* TASK INSTRUCTIONS
Write out exactly the lines running from the line that includes "Lakeland Shower Head" to the end of the data, both ends included, and nothing besides.

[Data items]
--------------------

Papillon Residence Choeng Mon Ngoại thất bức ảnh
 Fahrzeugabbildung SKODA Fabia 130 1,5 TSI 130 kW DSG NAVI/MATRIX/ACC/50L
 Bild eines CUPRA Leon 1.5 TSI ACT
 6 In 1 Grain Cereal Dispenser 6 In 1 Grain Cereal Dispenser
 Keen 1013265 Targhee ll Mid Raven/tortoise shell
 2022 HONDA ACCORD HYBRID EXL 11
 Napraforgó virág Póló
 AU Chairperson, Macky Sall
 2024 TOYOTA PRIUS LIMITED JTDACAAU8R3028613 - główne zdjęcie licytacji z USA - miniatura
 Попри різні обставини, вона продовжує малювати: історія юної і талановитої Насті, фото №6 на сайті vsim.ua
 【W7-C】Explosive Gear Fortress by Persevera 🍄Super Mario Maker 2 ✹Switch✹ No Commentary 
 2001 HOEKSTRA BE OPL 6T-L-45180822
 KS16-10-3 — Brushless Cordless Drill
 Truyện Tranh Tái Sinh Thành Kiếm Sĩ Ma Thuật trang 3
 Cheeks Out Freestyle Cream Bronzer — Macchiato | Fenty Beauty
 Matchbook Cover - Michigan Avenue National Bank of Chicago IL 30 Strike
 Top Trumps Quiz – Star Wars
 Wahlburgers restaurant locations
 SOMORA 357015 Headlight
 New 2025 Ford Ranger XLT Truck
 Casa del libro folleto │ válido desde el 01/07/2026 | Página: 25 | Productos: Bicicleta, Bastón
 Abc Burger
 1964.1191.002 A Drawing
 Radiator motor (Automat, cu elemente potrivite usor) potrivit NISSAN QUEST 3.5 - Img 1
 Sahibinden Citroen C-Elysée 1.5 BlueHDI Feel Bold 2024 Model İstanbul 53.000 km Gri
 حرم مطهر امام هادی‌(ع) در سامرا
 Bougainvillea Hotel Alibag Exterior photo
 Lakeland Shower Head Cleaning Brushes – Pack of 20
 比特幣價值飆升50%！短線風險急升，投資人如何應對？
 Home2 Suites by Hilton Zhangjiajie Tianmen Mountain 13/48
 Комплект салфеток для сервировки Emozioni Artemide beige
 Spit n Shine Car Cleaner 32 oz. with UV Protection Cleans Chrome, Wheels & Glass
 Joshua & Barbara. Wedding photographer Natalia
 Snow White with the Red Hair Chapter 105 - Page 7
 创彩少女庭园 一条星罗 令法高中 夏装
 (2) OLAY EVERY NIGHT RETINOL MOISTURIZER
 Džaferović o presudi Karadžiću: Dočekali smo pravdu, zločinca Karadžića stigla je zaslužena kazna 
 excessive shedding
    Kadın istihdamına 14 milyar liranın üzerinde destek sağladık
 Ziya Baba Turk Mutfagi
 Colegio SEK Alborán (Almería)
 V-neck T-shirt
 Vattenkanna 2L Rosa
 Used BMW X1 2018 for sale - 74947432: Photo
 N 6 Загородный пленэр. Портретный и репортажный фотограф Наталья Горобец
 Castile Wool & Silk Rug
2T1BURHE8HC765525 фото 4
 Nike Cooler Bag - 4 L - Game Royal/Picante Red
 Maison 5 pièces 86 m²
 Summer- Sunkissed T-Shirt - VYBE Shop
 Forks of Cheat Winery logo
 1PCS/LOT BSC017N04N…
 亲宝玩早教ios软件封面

--------------------

* SOLUTION
 Lakeland Shower Head Cleaning Brushes – Pack of 20
 比特幣價值飆升50%！短線風險急升，投資人如何應對？
 Home2 Suites by Hilton Zhangjiajie Tianmen Mountain 13/48
 Комплект салфеток для сервировки Emozioni Artemide beige
 Spit n Shine Car Cleaner 32 oz. with UV Protection Cleans Chrome, Wheels & Glass
 Joshua & Barbara. Wedding photographer Natalia
 Snow White with the Red Hair Chapter 105 - Page 7
 创彩少女庭园 一条星罗 令法高中 夏装
 (2) OLAY EVERY NIGHT RETINOL MOISTURIZER
 Džaferović o presudi Karadžiću: Dočekali smo pravdu, zločinca Karadžića stigla je zaslužena kazna 
 excessive shedding
    Kadın istihdamına 14 milyar liranın üzerinde destek sağladık
 Ziya Baba Turk Mutfagi
 Colegio SEK Alborán (Almería)
 V-neck T-shirt
 Vattenkanna 2L Rosa
 Used BMW X1 2018 for sale - 74947432: Photo
 N 6 Загородный пленэр. Портретный и репортажный фотограф Наталья Горобец
 Castile Wool & Silk Rug
2T1BURHE8HC765525 фото 4
 Nike Cooler Bag - 4 L - Game Royal/Picante Red
 Maison 5 pièces 86 m²
 Summer- Sunkissed T-Shirt - VYBE Shop
 Forks of Cheat Winery logo
 1PCS/LOT BSC017N04N…
 亲宝玩早教ios软件封面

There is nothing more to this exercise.